The Rugby World Cup tournament will be held at 12 different venues across Japan, however the basic design of each of the pitches will be the same. But what exactly do all the different lines on a rugby pitch actually mean? Let’s take a look.
The dead-ball lines, at the far ends of the pitch behind the goal-line, do what they say on the tin. Once the ball goes over the dead-ball line it is… dead and out of play. If the attacking team kick the ball over it, the defending side get a 22m dropout or a scrum from where the ball has been kicked. A missed drop-goal, or penalty attempt, is a 22m dropout for the defending side.

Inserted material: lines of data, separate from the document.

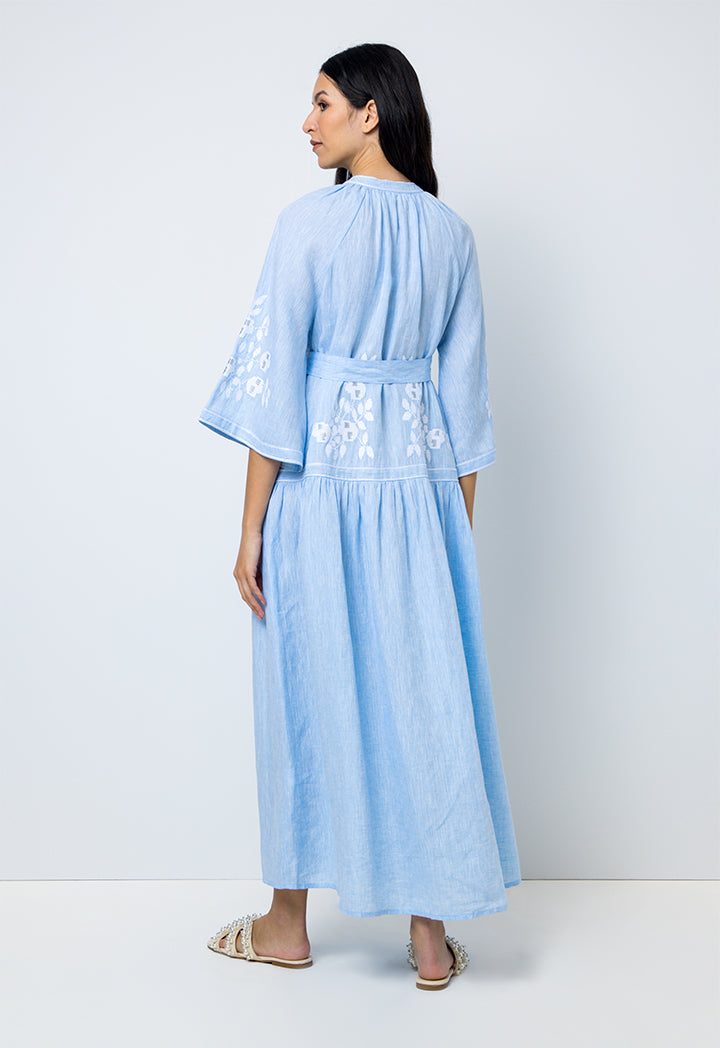 Choice Solid Embroidered Maxi Dress Light Blue
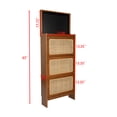 thumbnail image 2 of Rugerasy Shoe locker With 3 Flip Drawers, Entryway Free Standing Rattan Shoe Rack With Pegboard, Hidden Narrow Storage Shoe locker,For Hallway, 2 of 9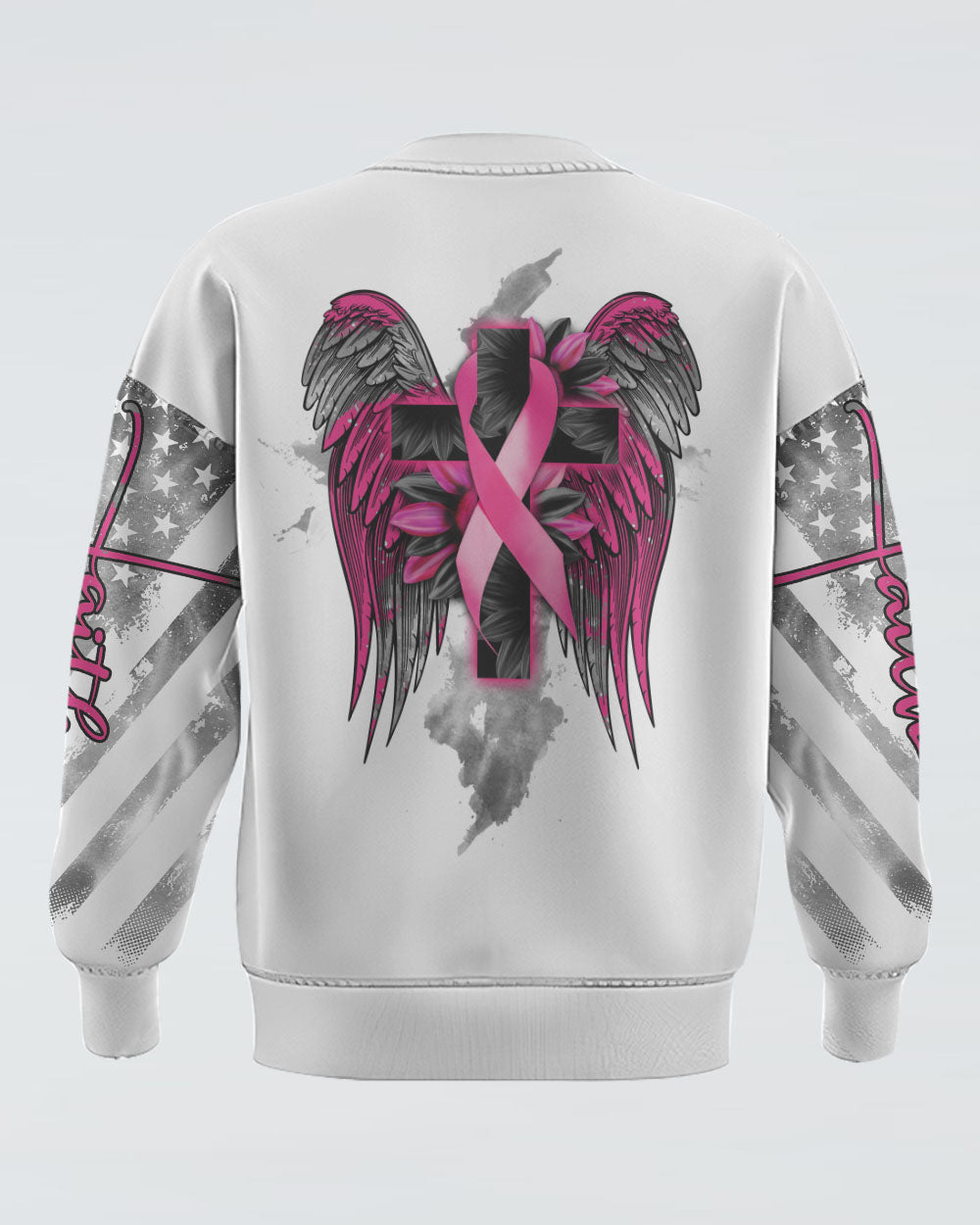 White Faith Cross Ribbon Wings Women's Breast Cancer Awareness Sweatshirt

Again, they do what they say on the tin but they belong to the attacking team. A try is awarded if the ball is grounded on, or behind, the try-line but if officials are not sure if the ball is properly grounded or held up by the defending team the attacking team get a 5m scrum. The goal posts are part of the try-line and a five-pointer is awarded if the ball is touched onto the base of the posts or the padding. If you take the ball over your own goal-line and touch it down it is a 5m scrum to the attacking team.
Have a wild guess. These are lines 22 metres from the try-lines at either end of the pitch and are a safety net for defending teams who can kick the ball out on the full if they are behind the line. If they are not behind their own 22m line, or ran the ball back behind the line and boot it out without it bouncing, then the lineout is taken level with where the ball was kicked from. Also the starting point for 22m dropouts.
Where the game starts at the kick-off and from re-starts after a score. The kicking team have to be behind the line when the ball is kicked. If they kick the ball straight out off a re-start the non-kicking team can have a scrum on halfway, a lineout on halfway or the kick re-taken.
Run the length of the field either side of the pitch. The line is not part of the pitch so the ball or ball-carrier is in touch if the ball, or ball-carrier, touches the line or anything beyond it.
However, the ball is not in touch if it reaches the plane of the line and is caught or kicked by a player who is still in bounds. Players can cross the plane of touch and knock the ball back as long as they are not touching the ground.
These extend backwards from the goal line to the dead ball line and the ball is dead if it touches them. If the attacking team has played the ball into in-goal then a 22m dropout is awarded; if the defending team have played it in a 5m scrum is awarded to the attacking team.
Five-metre lines (dashed)
Run five metres from the touchlines and five metres from the goal-line. At lineouts the ball must reach the 5m line before it is played.
Five-metre scrums are taken on the line parallel with the goal-line if the attacking team is held up or if a defender carries or passes the ball in goal before it is touched down.
10-metre lines (dashed)
More dashed lines 10 metres both sides of the halfway line. When the game is restarted from halfway the ball must travel at least ten metres.
15-metre lines (dashed)
These dashed lines run 15 metres from the touchline and players in a lineout must stand within them when the ball is thrown.